● **What the exercise asks**: Return all of the material that follows, keeping each line exactly as it is.

● **Data for processing**:
"""
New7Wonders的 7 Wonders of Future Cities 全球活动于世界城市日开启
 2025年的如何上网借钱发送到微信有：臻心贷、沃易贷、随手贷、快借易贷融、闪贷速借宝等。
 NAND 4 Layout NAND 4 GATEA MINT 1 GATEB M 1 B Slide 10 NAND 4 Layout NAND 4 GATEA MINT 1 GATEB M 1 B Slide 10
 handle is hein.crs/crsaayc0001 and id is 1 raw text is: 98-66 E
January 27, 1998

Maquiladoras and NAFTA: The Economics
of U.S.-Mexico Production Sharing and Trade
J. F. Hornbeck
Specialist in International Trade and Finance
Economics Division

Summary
"""
● **Your response**:
New7Wonders的 7 Wonders of Future Cities 全球活动于世界城市日开启
 2025年的如何上网借钱发送到微信有：臻心贷、沃易贷、随手贷、快借易贷融、闪贷速借宝等。
 NAND 4 Layout NAND 4 GATEA MINT 1 GATEB M 1 B Slide 10 NAND 4 Layout NAND 4 GATEA MINT 1 GATEB M 1 B Slide 10
 handle is hein.crs/crsaayc0001 and id is 1 raw text is: 98-66 E
January 27, 1998

Maquiladoras and NAFTA: The Economics
of U.S.-Mexico Production Sharing and Trade
J. F. Hornbeck
Specialist in International Trade and Finance
Economics Division

Summary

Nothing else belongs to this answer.